● Exercise requirements
Each line from the one that holds "lustre en forme" to the end of the entries is to be given again exactly. Do not include pictures.

(Short web captions)
※

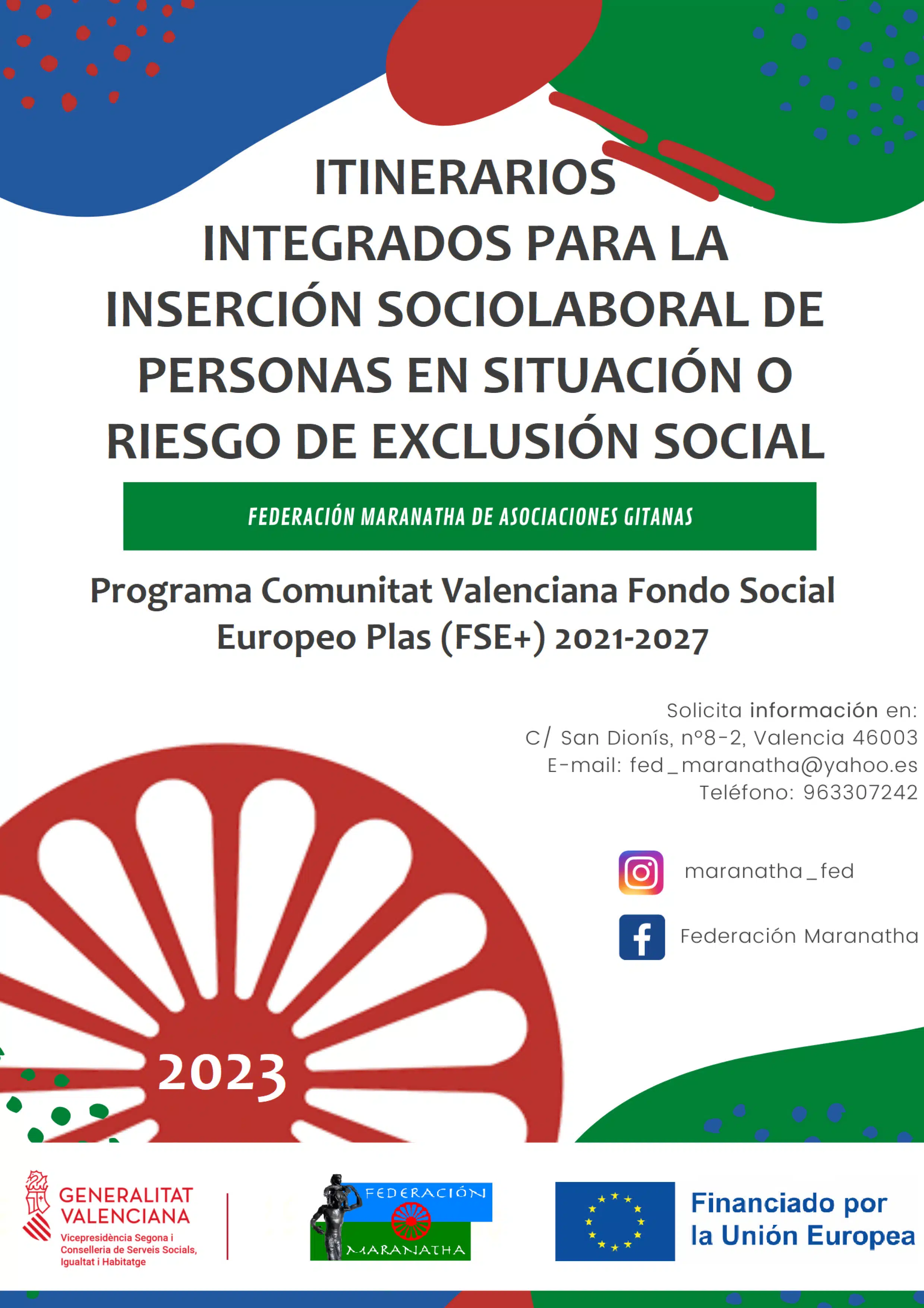 ITINERARIOS INTEGRADOS PARA LA INSERCIÓN SOCIOLABORAL DE PERSON
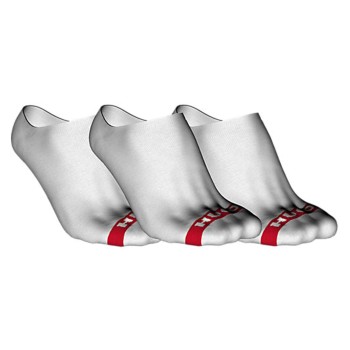 HUGO Strømper 3P Plush Tape Socks Hvid bomuld Str 39/42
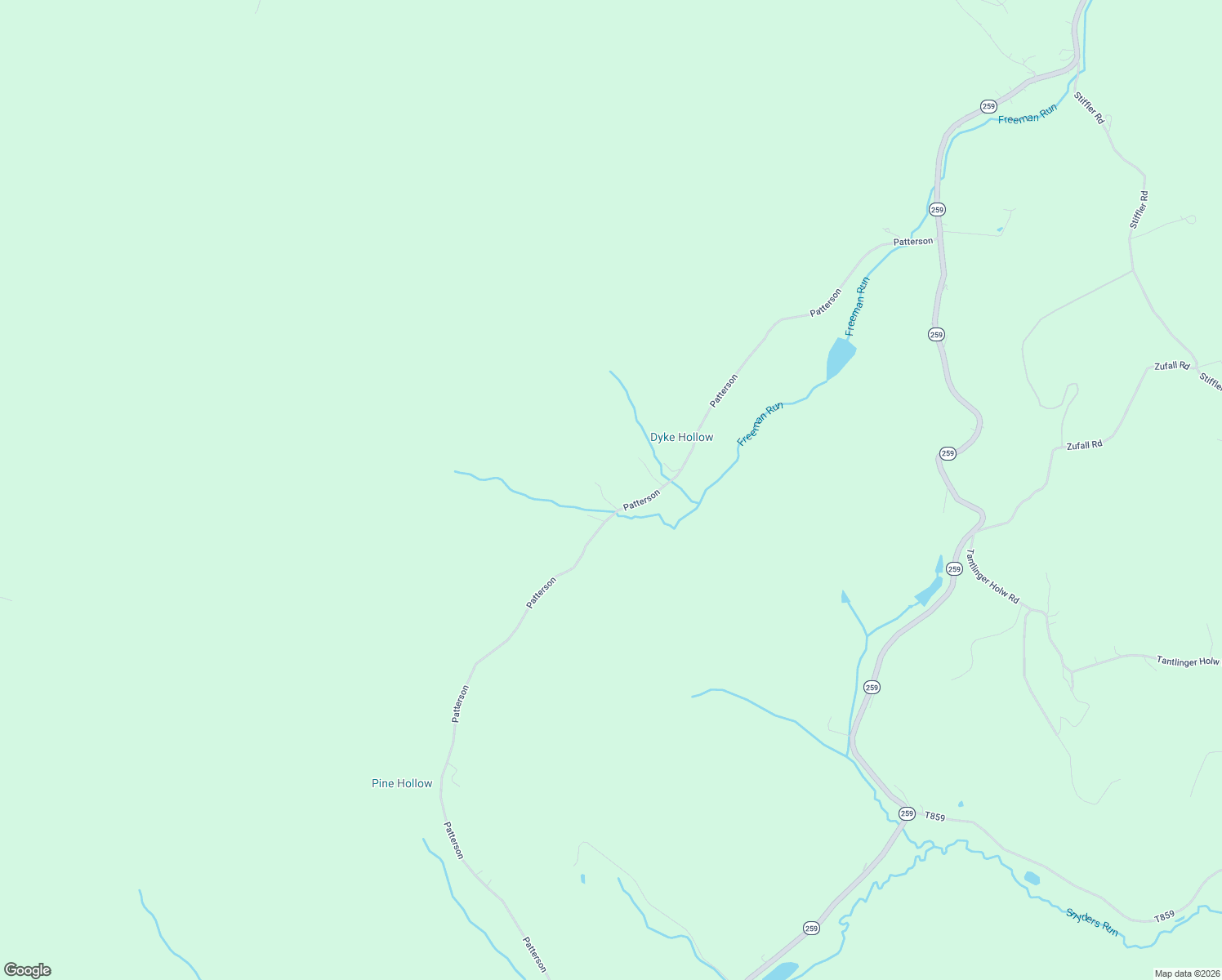 map of restaurants, bars, coffee shops, grocery stores, and more near 479 Patterson in Bolivar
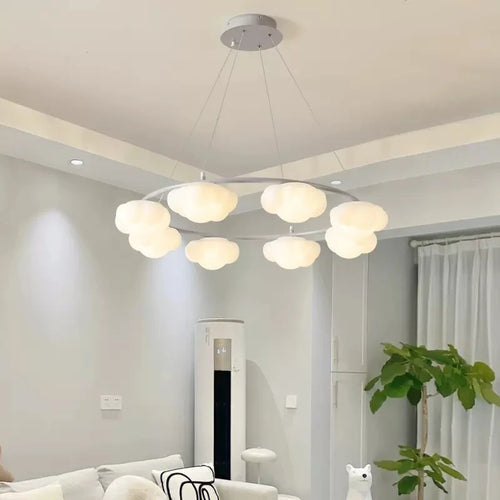 lustre en forme de nuage avec télécommande pour enfants - vue 4 sur 14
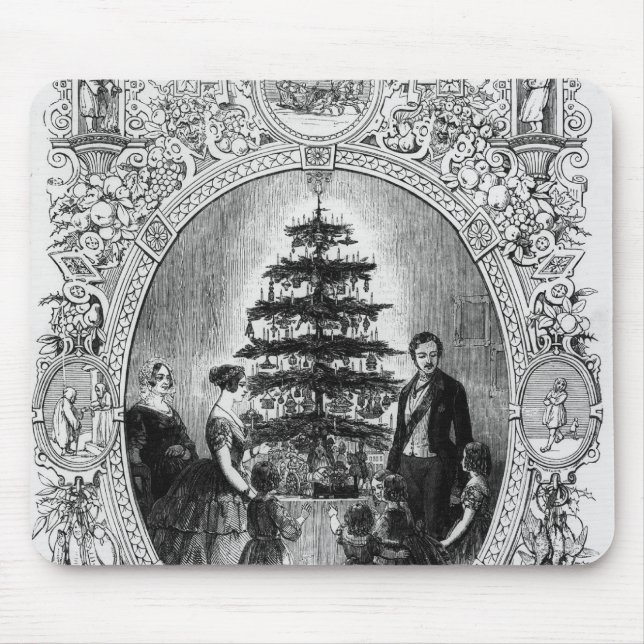 Tapis De Souris Arbre de Noël au château de Windsor, 1848 (Devant)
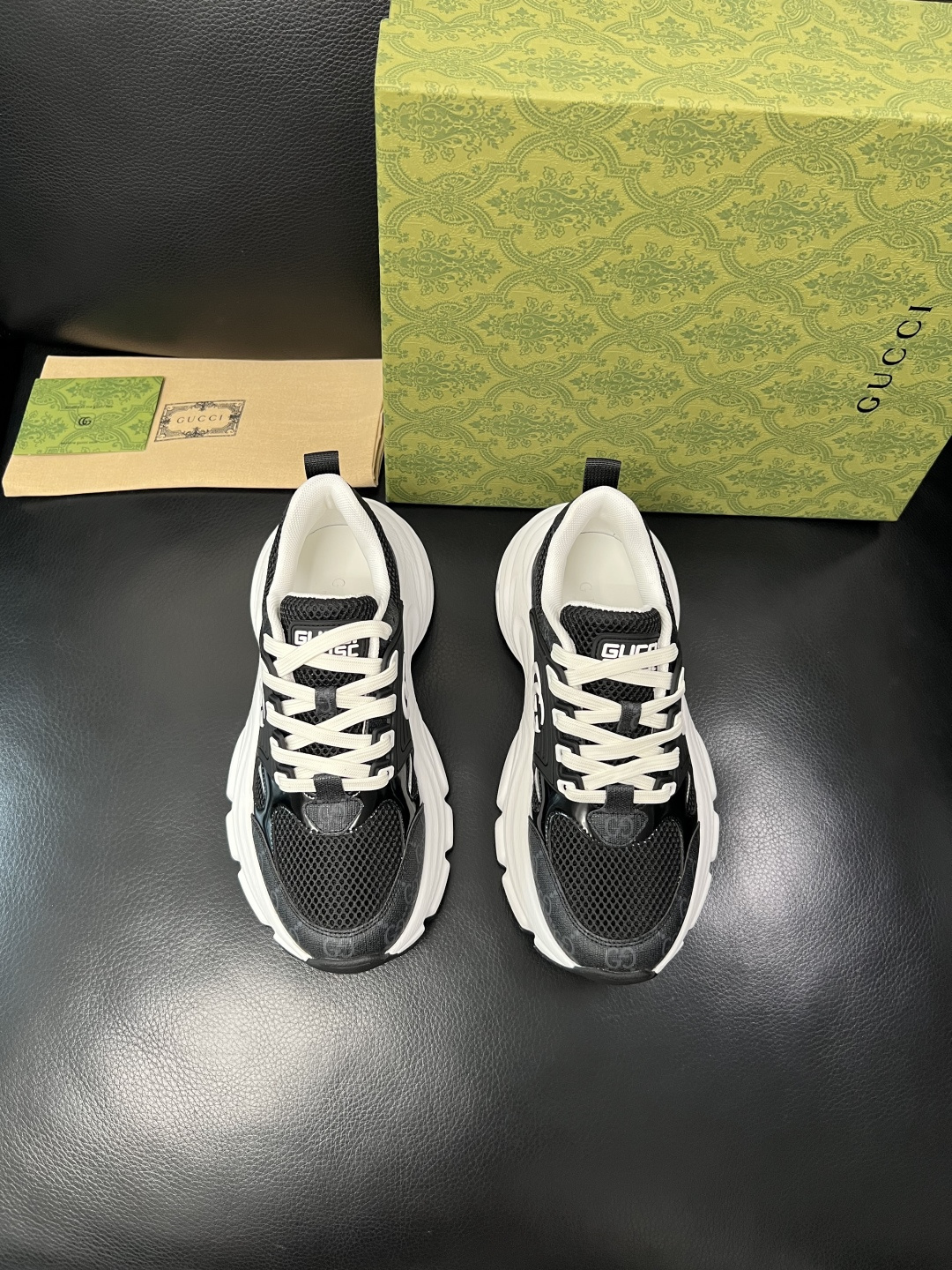 Gucci 高品质 顶级工艺品 古奇 专柜新款原厂配置，意大利进口牛皮搭配印花面料，进口牛皮内里垫，透气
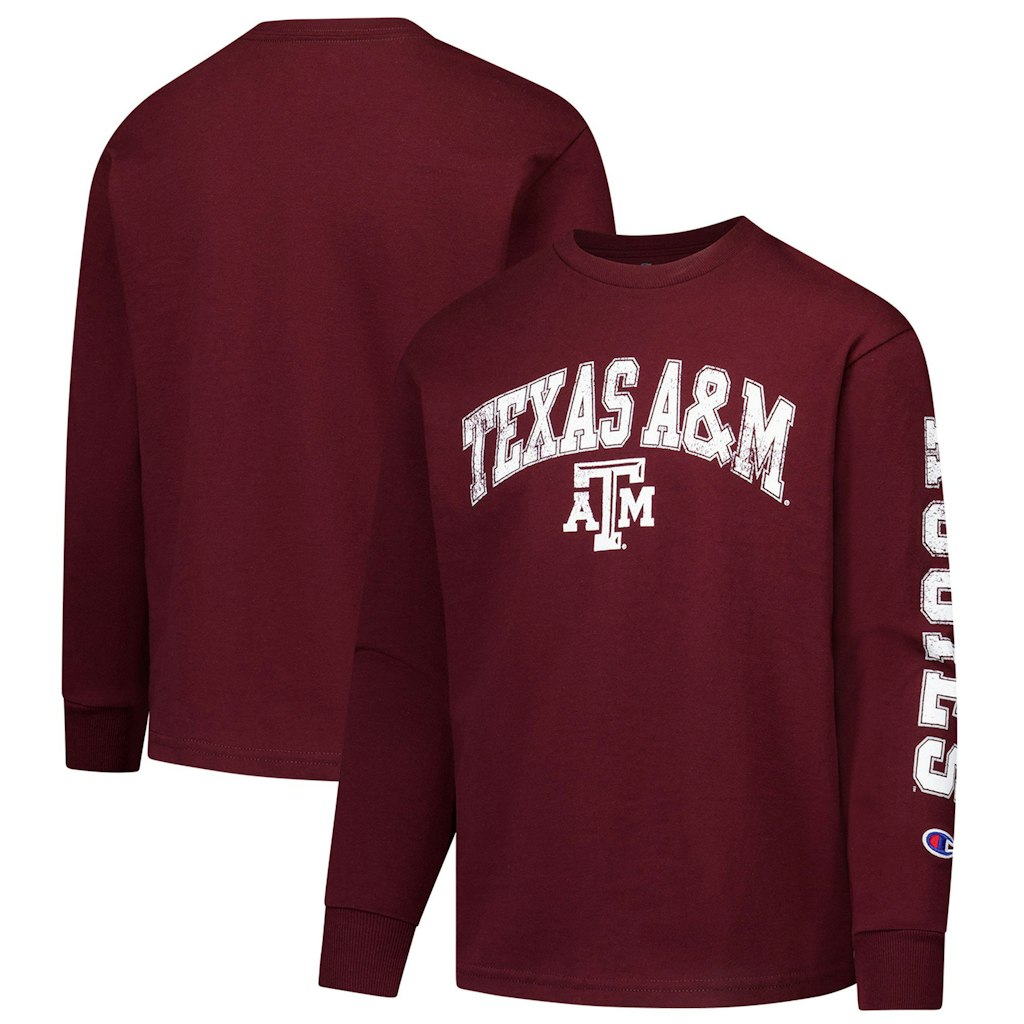 Texas A&M Aggies Youth Long Sleeve T-Shirt: $24.74 Texas A&M Aggies Youth Long Sleeve T-Shirt: $24.74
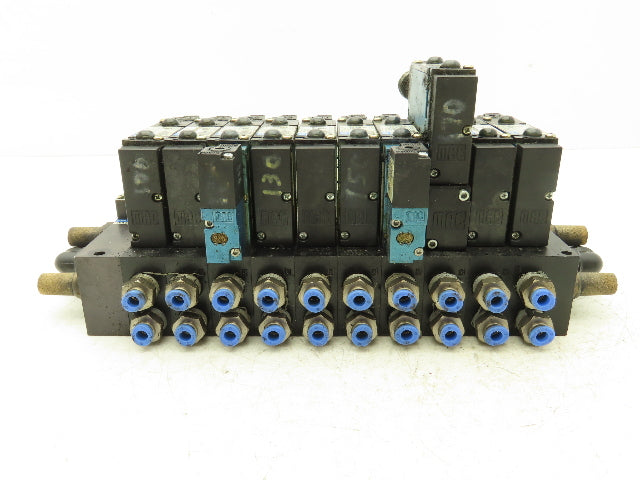 MAC MAConnect 10-Station Solenoid Valve Serial Manifold DeviceNet 24VDC 92B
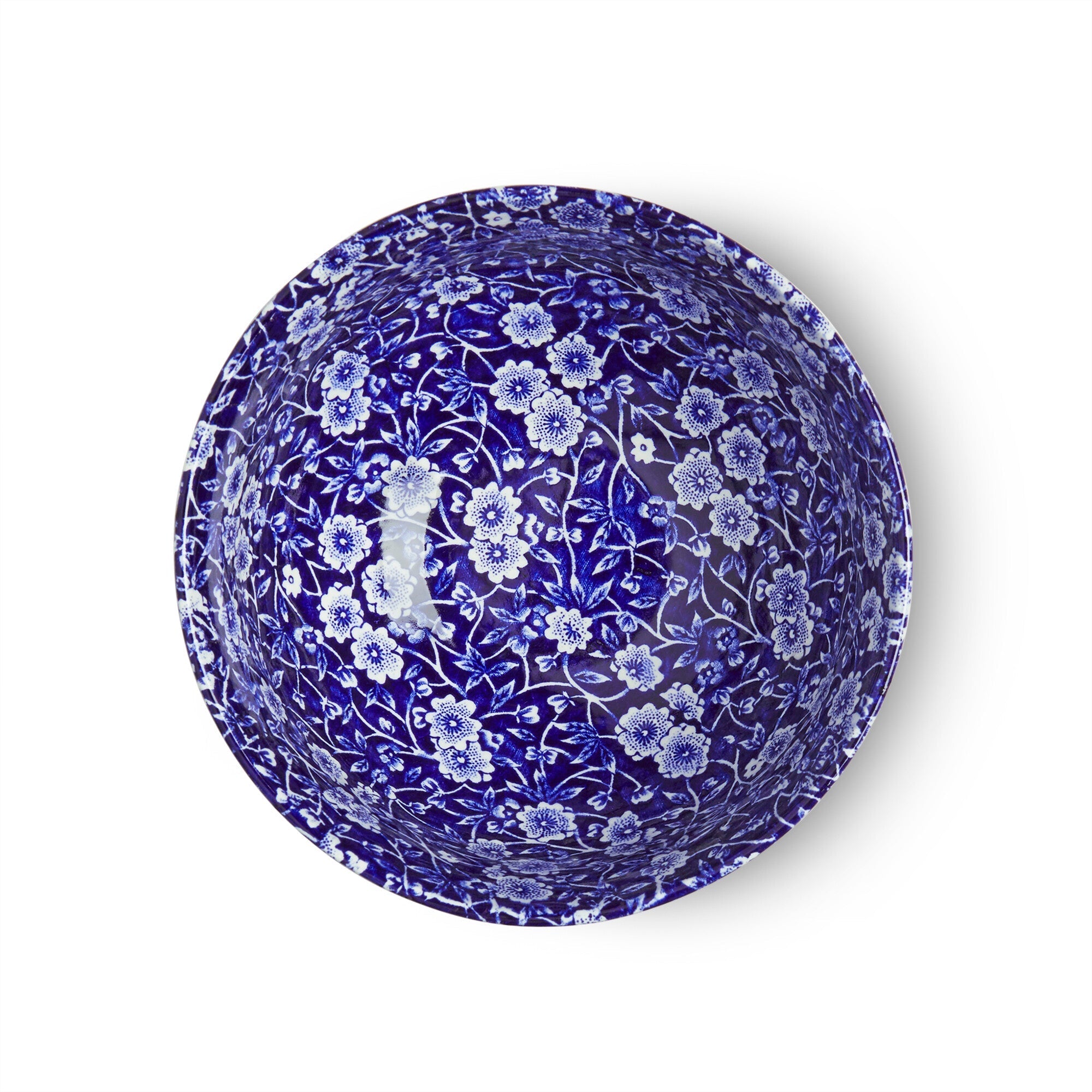 Burleigh Blue Calico Small Footed Bowl 16cm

※

● Solution
 lustre en forme de nuage avec télécommande pour enfants - vue 4 sur 14
 Tapis De Souris Arbre de Noël au château de Windsor, 1848 (Devant)
 Gucci 高品质 顶级工艺品 古奇 专柜新款原厂配置，意大利进口牛皮搭配印花面料，进口牛皮内里垫，透气
 Texas A&M Aggies Youth Long Sleeve T-Shirt: $24.74 Texas A&M Aggies Youth Long Sleeve T-Shirt: $24.74
 MAC MAConnect 10-Station Solenoid Valve Serial Manifold DeviceNet 24VDC 92B
 Burleigh Blue Calico Small Footed Bowl 16cm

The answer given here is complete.